EXERCISE DATA section start
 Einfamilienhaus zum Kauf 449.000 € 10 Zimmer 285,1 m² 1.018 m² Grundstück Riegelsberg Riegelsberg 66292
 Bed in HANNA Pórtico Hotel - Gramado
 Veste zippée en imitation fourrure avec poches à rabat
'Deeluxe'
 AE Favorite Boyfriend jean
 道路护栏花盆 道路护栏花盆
EXERCISE DATA section end
EXERCISE DATA section start
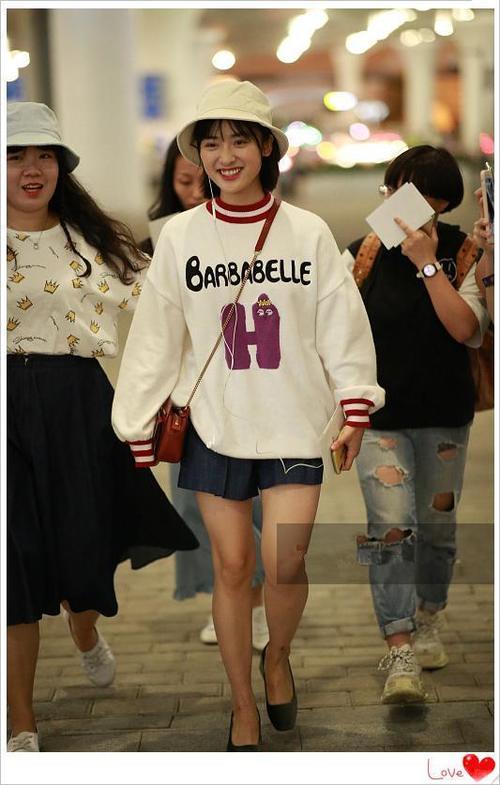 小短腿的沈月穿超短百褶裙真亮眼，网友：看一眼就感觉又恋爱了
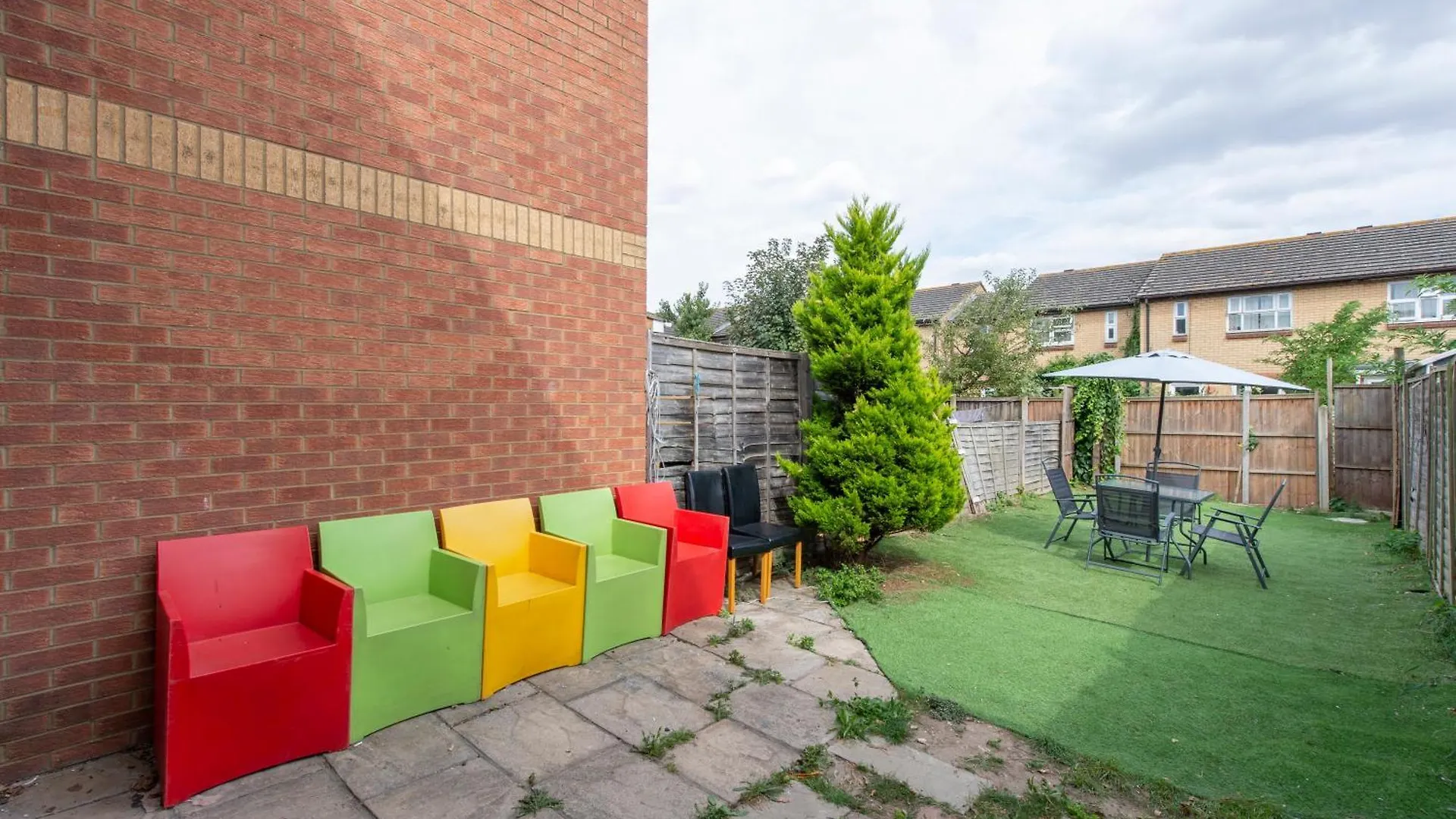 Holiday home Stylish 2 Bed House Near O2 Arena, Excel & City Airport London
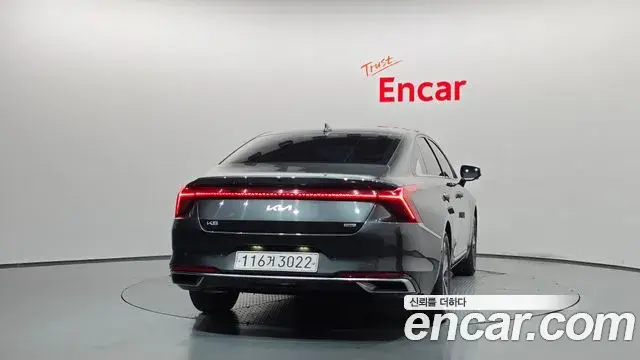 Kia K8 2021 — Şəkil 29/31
EXERCISE DATA section end
- _EXERCISE AIM_:
In the entries above, the lines from the one bearing "Einfamilienhaus zum Kauf" up to and including the one bearing "道路护栏花盆 道路护栏花盆" should be transcribed exactly; no other line is wanted.

- _RESULT OF THE TASK_:
 Einfamilienhaus zum Kauf 449.000 € 10 Zimmer 285,1 m² 1.018 m² Grundstück Riegelsberg Riegelsberg 66292
 Bed in HANNA Pórtico Hotel - Gramado
 Veste zippée en imitation fourrure avec poches à rabat
'Deeluxe'
 AE Favorite Boyfriend jean
 道路护栏花盆 道路护栏花盆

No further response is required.